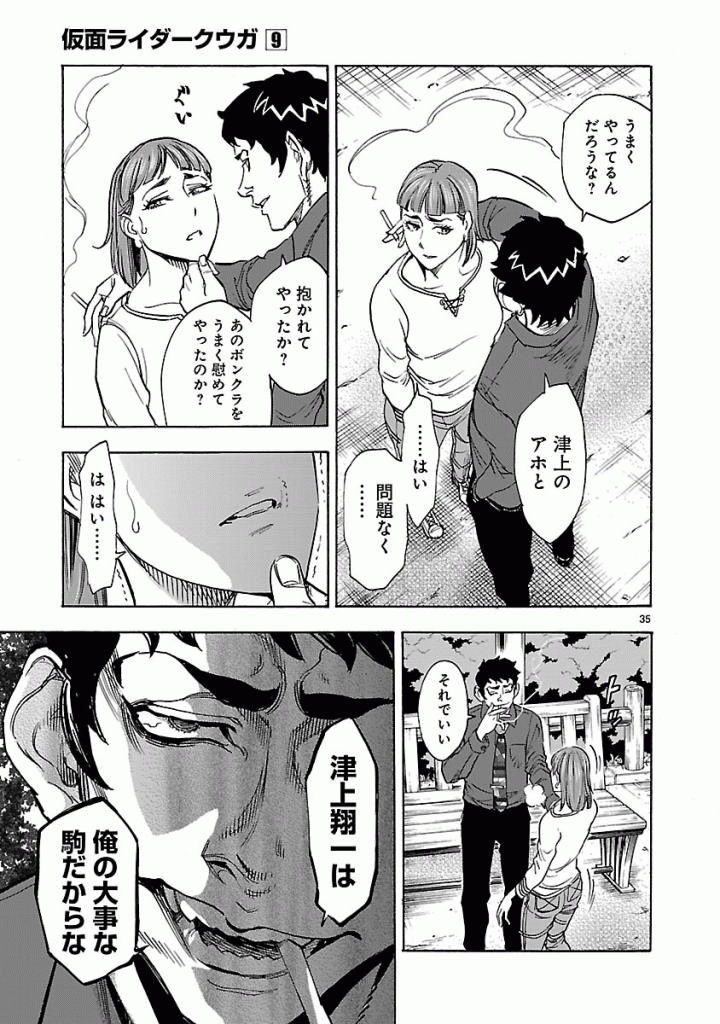 Kamen Rider Kuuga Chapter 39 35ページ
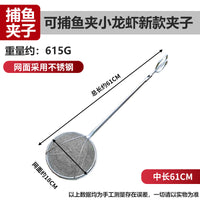 不锈钢捕鱼夹户外抓鱼虾蟹神器赶海赶河多功能捞鱼装备漏网捕鱼器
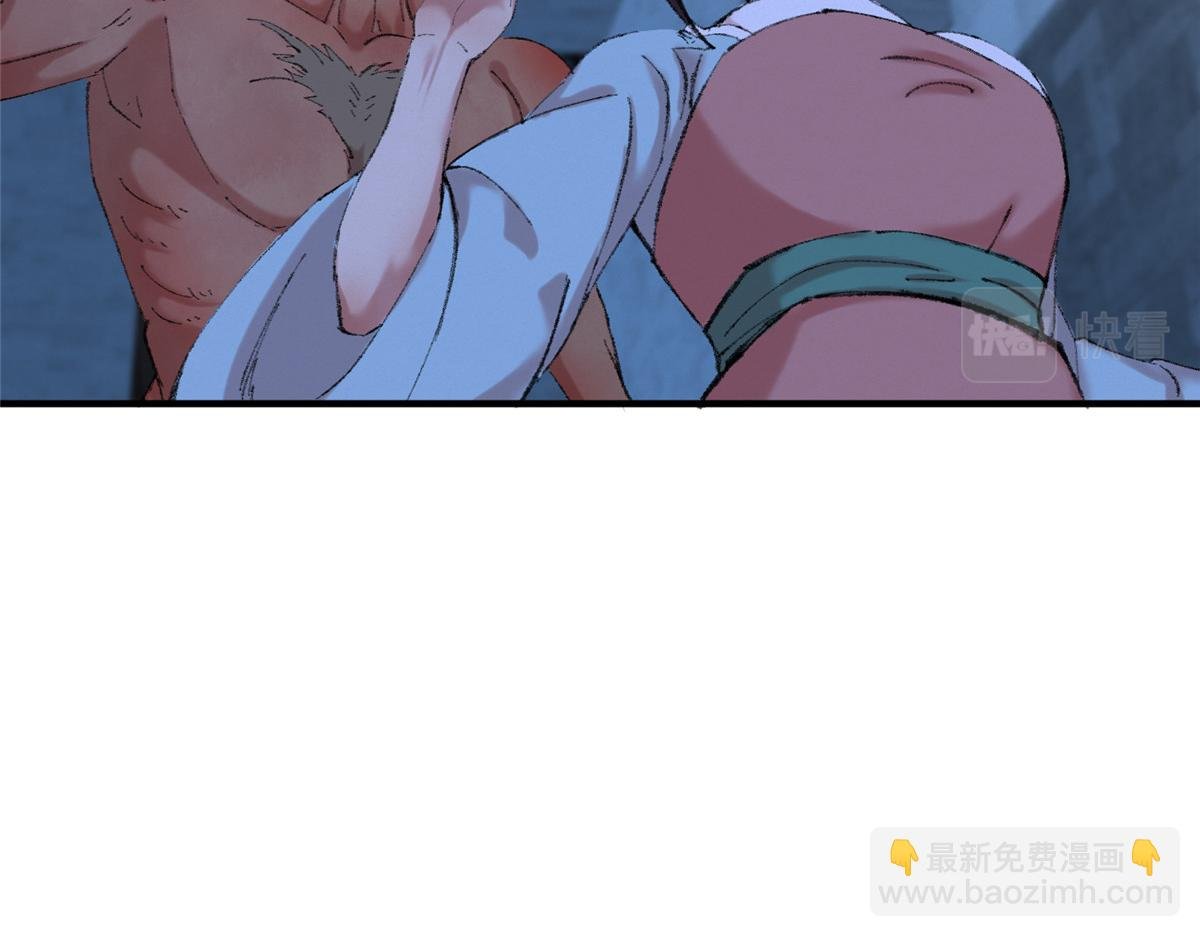 054 城中肃妖涨经验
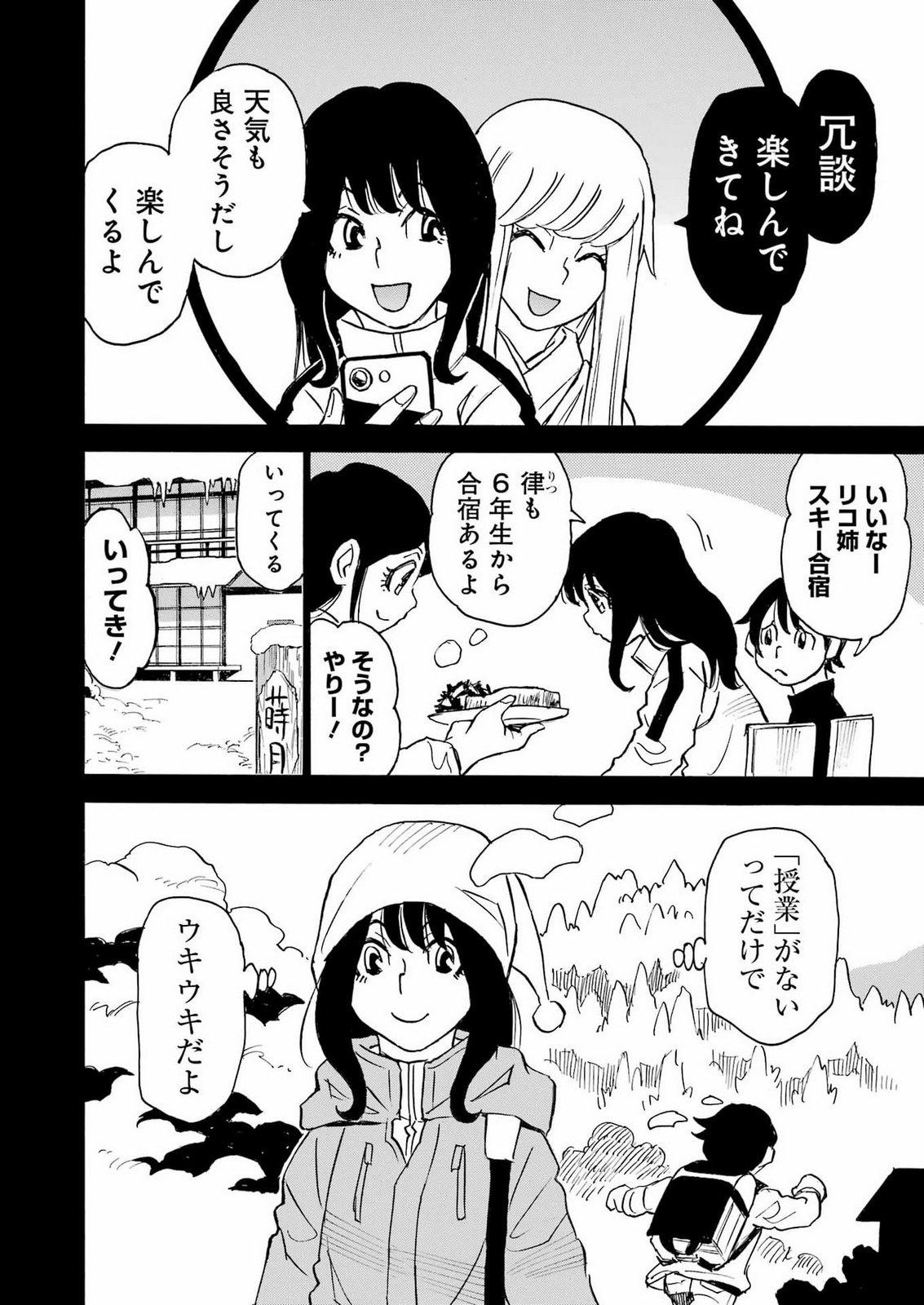 SNOW DROP ~ANATA NO SHI WO NOZOMIMASU~ Chap 21 - Pic 2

WORK REQUEST: Copy the line showing "不锈钢捕鱼夹户外抓鱼虾蟹神器赶海赶河多功能捞鱼装备漏网捕鱼器" exactly, along with each line after it through the end of the material above. Pictures stay out.

RESPONSE FOR THIS EXERCISE:
 不锈钢捕鱼夹户外抓鱼虾蟹神器赶海赶河多功能捞鱼装备漏网捕鱼器
 054 城中肃妖涨经验
 SNOW DROP ~ANATA NO SHI WO NOZOMIMASU~ Chap 21 - Pic 2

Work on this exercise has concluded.